Des candidatures rejetées, mais des actes poursuivis
Les trois condamnés sont Saïda Neghza, femme d’affaires et présidente de la CGEA (Confédération générale des entreprises algériennes), Belkacem Sahli, ancien ministre et responsable du parti ANR, et Abdelhakim Hamadi, dirigeant d’un laboratoire vétérinaire. Leur candidature avait été écartée par la Cour constitutionnelle, mais leurs manœuvres pour obtenir des soutiens ont attiré l’attention de la justice.
Ils sont accusés de trafic d’influence, abus de fonction, escroquerie et achat de parrainages. Selon l’enquête du parquet, les trois prétendants auraient versé des sommes allant de 20 000 à 30 000 dinars (soit environ 140 à 200 euros) à des élus pour récolter les signatures obligatoires.
Un système structuré autour des parrainages
Pour se présenter, un candidat à la présidentielle doit obtenir 600 parrainages d’élus dans au moins 29 préfectures, ou 50 000 signatures d’électeurs réparties sur le territoire. Le trio aurait cherché à contourner cette obligation par le biais de versements illégaux et de promesses en nature.

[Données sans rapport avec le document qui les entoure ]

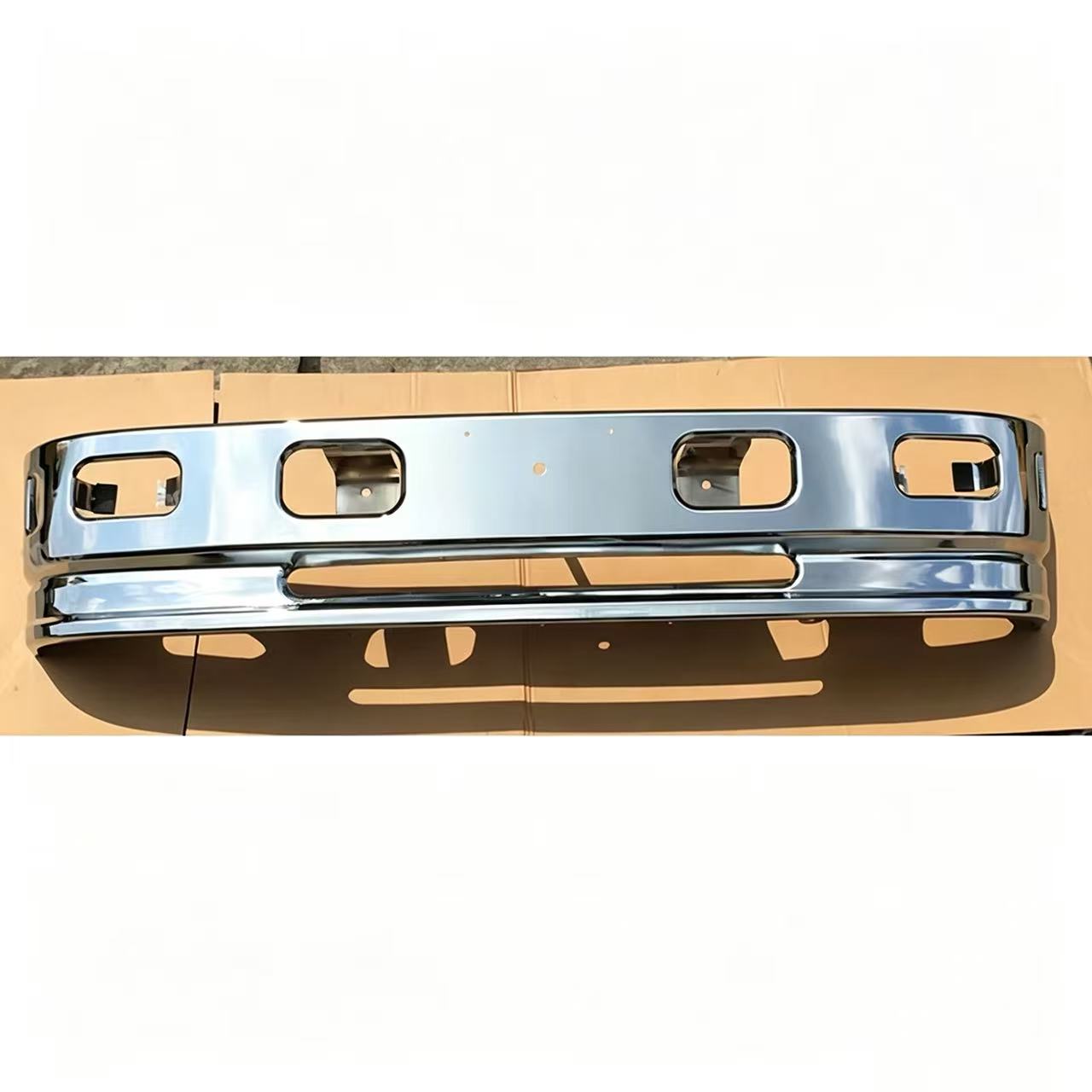 ISUZU NPR 120 100P Truck Spare Body Parts Chrome Front Bumper  Narrow 170CM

Plus de 50 élus ont reconnu avoir reçu de l’argent pour signer des formulaires de parrainage. Certains intermédiaires auraient également été missionnés pour collecter les fonds et les redistribuer aux élus.
Une vague de condamnations bien plus large
Au total, plus de 70 personnes sont impliquées dans cette affaire. Parmi elles, les trois fils de Saïda Neghza ont également été condamnés : deux à six ans de prison ferme, et le troisième, actuellement à l’étranger, à huit ans de prison par contumace. Un mandat d’arrêt international a été émis à son encontre.
Des élus locaux et plusieurs membres de la CGEA figurent aussi parmi les condamnés, avec des peines allant de cinq à huit ans. Le tribunal a prononcé des amendes allant jusqu’à un million de dinars algériens, soit environ 6 700 euros.
Les réactions après le verdict
Les trois principaux accusés, bien que condamnés, restent pour le moment en liberté. Ils disposent de dix jours pour faire appel. Leurs avocats dénoncent un procès politique et affirment que leurs clients n’ont pas bénéficié d’un traitement équitable.
Sur les réseaux sociaux, un des fils de Neghza a relayé la réaction de son frère, lui aussi condamné :
Un jour, la vérité éclatera, et chacun portera le poids de ses actes.
Ces propos laissent entendre que la famille Neghza n’entend pas se taire et pourrait chercher à mobiliser l’opinion.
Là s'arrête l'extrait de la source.